Your task: There is one span to output from the data below: the lines starting at the line with "Predictive - part failure" and ending at the line with "Sunflower Painting Original". Output it exactly, ends included, nothing more.

Data records:
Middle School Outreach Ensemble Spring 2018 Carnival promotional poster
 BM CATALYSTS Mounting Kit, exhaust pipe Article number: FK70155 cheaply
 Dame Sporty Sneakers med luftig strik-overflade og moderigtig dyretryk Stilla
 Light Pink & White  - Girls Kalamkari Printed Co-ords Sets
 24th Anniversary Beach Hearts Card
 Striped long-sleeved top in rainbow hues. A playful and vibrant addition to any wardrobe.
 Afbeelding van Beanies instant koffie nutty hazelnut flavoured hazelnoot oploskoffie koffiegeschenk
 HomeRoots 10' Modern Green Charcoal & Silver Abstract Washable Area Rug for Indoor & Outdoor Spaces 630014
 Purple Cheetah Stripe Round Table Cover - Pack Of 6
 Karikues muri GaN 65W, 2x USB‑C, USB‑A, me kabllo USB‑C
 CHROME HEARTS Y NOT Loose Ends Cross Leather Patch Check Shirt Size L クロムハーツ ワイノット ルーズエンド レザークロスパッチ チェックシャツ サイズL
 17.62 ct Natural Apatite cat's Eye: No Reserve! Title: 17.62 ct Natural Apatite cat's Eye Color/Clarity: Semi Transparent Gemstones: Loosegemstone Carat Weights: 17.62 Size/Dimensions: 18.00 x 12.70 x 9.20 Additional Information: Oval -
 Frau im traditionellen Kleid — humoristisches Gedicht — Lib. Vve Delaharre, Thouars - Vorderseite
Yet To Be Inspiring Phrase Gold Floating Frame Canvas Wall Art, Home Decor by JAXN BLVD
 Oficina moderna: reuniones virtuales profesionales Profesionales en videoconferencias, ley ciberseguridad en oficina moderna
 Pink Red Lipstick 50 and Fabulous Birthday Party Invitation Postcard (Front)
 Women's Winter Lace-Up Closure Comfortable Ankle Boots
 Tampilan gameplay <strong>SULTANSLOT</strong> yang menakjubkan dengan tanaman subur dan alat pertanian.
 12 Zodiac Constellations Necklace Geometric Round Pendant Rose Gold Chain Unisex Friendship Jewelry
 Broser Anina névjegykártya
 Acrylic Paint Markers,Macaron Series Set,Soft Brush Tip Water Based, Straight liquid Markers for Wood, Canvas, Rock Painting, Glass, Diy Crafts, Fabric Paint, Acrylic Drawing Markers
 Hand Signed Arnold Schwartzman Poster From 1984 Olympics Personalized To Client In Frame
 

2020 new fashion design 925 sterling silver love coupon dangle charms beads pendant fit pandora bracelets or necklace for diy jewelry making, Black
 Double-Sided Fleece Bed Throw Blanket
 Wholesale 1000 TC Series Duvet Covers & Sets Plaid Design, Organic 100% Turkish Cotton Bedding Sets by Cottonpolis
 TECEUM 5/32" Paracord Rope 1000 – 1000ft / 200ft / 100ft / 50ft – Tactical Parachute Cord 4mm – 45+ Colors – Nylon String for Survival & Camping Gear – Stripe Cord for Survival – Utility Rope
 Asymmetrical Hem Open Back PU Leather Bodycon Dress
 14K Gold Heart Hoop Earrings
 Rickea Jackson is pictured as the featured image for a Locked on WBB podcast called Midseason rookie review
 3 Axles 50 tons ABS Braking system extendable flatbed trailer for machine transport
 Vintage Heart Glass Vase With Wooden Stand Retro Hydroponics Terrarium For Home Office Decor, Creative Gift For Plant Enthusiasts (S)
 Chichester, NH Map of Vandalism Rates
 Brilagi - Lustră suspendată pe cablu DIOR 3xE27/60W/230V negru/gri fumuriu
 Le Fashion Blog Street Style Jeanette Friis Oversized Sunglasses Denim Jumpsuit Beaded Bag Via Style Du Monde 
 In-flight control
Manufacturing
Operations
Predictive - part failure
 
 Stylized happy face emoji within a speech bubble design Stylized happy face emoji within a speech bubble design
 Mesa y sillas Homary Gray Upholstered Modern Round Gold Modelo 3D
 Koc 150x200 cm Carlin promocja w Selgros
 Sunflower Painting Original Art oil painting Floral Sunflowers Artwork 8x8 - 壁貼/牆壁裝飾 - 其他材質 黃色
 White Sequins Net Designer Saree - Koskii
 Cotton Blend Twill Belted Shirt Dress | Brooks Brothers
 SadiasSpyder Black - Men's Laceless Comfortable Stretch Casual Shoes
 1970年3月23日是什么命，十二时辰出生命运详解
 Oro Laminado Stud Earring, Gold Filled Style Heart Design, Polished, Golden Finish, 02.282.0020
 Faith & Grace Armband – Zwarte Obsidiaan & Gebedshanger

Exercise response:
Predictive - part failure
 
 Stylized happy face emoji within a speech bubble design Stylized happy face emoji within a speech bubble design
 Mesa y sillas Homary Gray Upholstered Modern Round Gold Modelo 3D
 Koc 150x200 cm Carlin promocja w Selgros
 Sunflower Painting Original Art oil painting Floral Sunflowers Artwork 8x8 - 壁貼/牆壁裝飾 - 其他材質 黃色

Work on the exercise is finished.